The move, aimed at diversifying borrowings and lowering funding costs, marks the company’s first major capital market tap since FY18.

The decision to tap the bond market (via NCDs) and the short-term money market (via CPs) stems from the fact that transmission of repo rate cuts into these markets is faster as compared to the loan market. So, the company will benefit from lower borrowing cost.

T Karunakaran, MD & CEO, RHFL, recently told analysts “We are happy to share that we have started diversification of our borrowings. After a very long time gap, we entered the capital market. As an initial step, the company has successfully issued Commercial Paper amounting to Rs.150 crores.”

Shanthi Srikanth, CFO, said: “Our cost of borrowing is consistently reducing,…majority commercial banks have still not passed on the benefit (of repo rate cuts) to us. And we are trying our best to reduce the cost of borrowing by at least diversifying with the NCD market and the PTC (pass through certificates issued under securitisation) market.”

RHFL, which was established in April 2000 by the Repatriates Cooperative Finance & Development Bank (Repco Bank), last tapped the bond market in FY18, when it issued NCDs aggregating ₹652 crores (previous year ₹385 crores).

In FY21, the company repaid NCDs of face value ₹652 crores even as it issued CPs aggregating ₹100 crore. After this CP issuance, it did not tap this route for raising funds.

Over the last couple of years, while other HFCs have been gradually reducing their dependence on Bank funding by tapping the bond markets, RHFL has stepped up its reliance on bank funding.

As of March 31, 2025, 82.9 per cent of the Company’s borrowings were by way of borrowings from Commercial Banks (79.2 per cent as of March 31, 2024), 7.9 per cent by way of refinancing from the National Housing Bank (10.8 per cent), 10.0 per cent from Repco Bank (10.0 per cent).

As at March-end 2025, RHFL’s overall borrowings stood at ₹11,148.02 crore (₹10,698.62 crore as at March-end 2024), with the average tenor of borrowings coming down to 7.85 years from 8.5 years.
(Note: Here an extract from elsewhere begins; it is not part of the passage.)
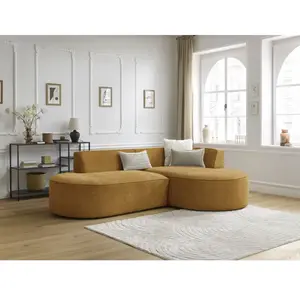 Canapé d'angle fixe ROUSSEAU tissu texturé Bobochic pas cher
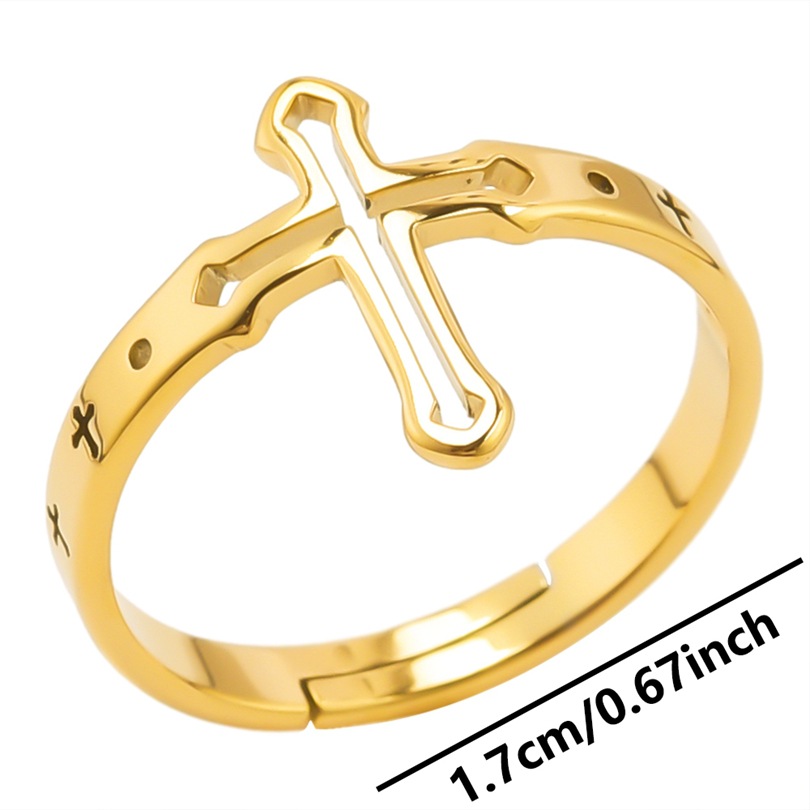 Hip-hop Retro Cross Stainless Steel Polishing Rings display picture 8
Its cost of borrowings rose to 8.6 per cent as at March-end 2025 from 8.3 per cent as at March-end 2024.

During Q1FY26, the HFC’s disbursements were up 22 per cent year-on-year (yoy) at ₹829 crore (₹680 crore in the year ago quarter). The overall loan book grew about 7 per cent yoy to ₹14,690 crore as at June-end 2025 against ₹13,701 crore as at June-end 2024. In Q1FY26, RHFL reported a net profit of ₹108 crore (₹105.40 crore).